SUPPLIED MATERIAL:
-=-=-

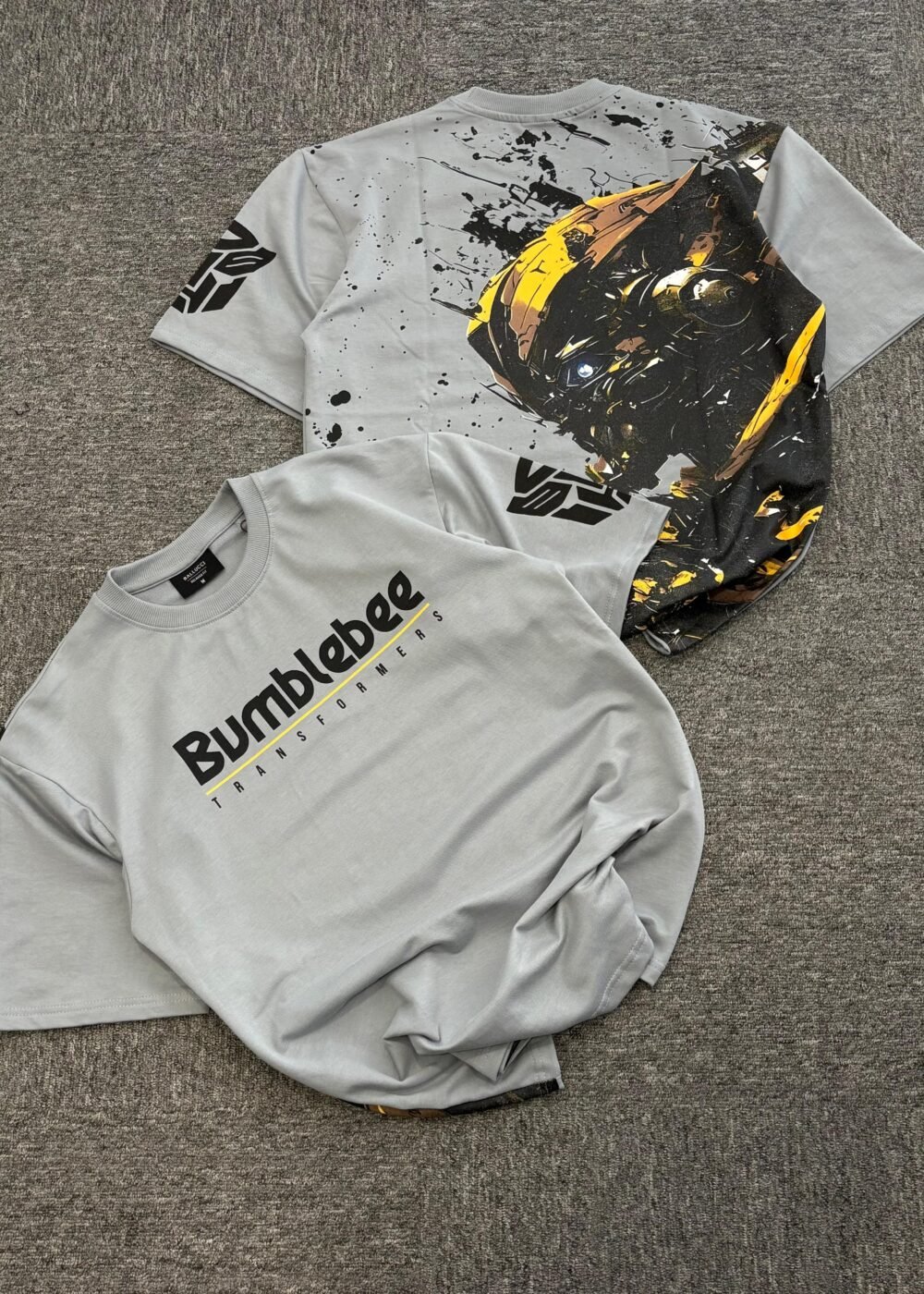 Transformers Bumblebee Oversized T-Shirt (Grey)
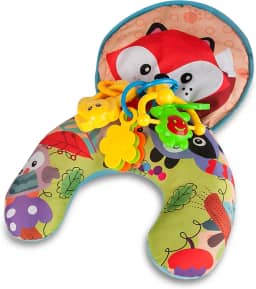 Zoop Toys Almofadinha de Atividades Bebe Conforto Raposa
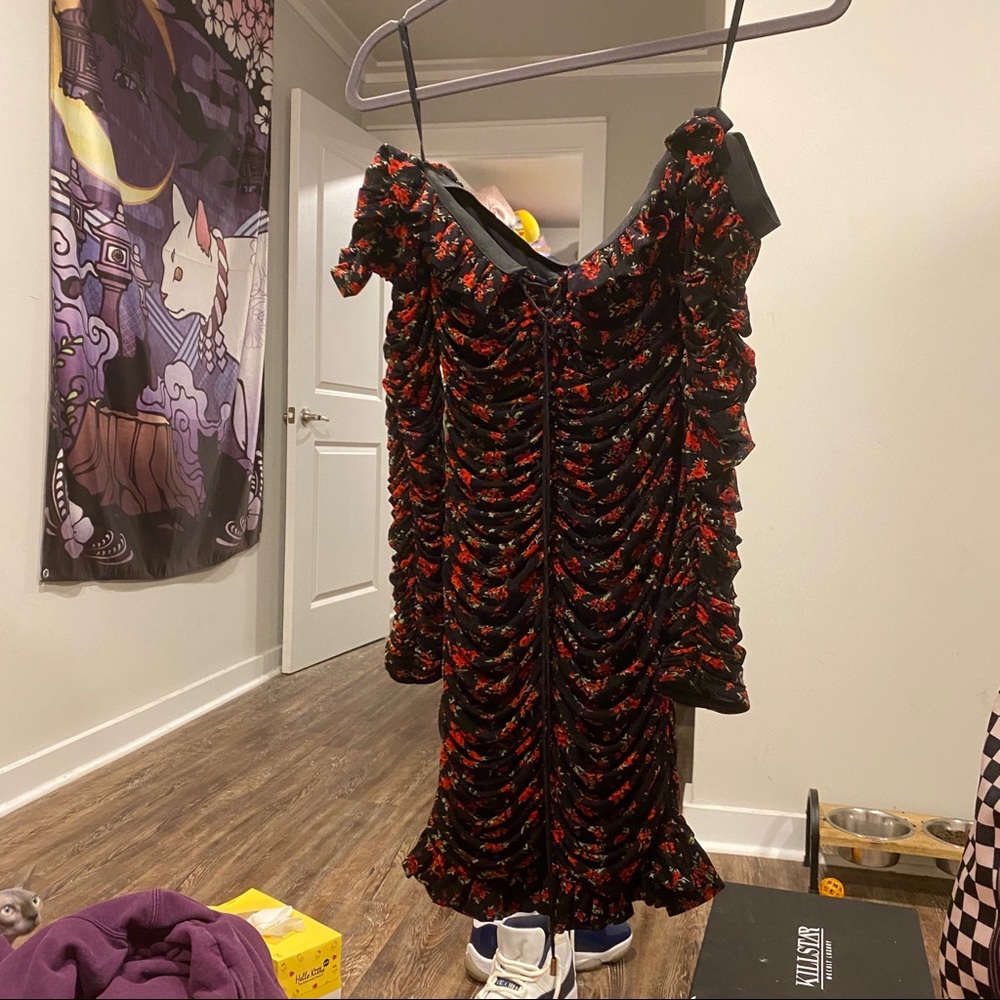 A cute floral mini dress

-=-=-

WHAT YOU HAVE TO DO: Set down the full listing above with its wording unchanged. Leave out its images.

RESULT OF THIS EXERCISE:
 Transformers Bumblebee Oversized T-Shirt (Grey)
 Zoop Toys Almofadinha de Atividades Bebe Conforto Raposa
 A cute floral mini dress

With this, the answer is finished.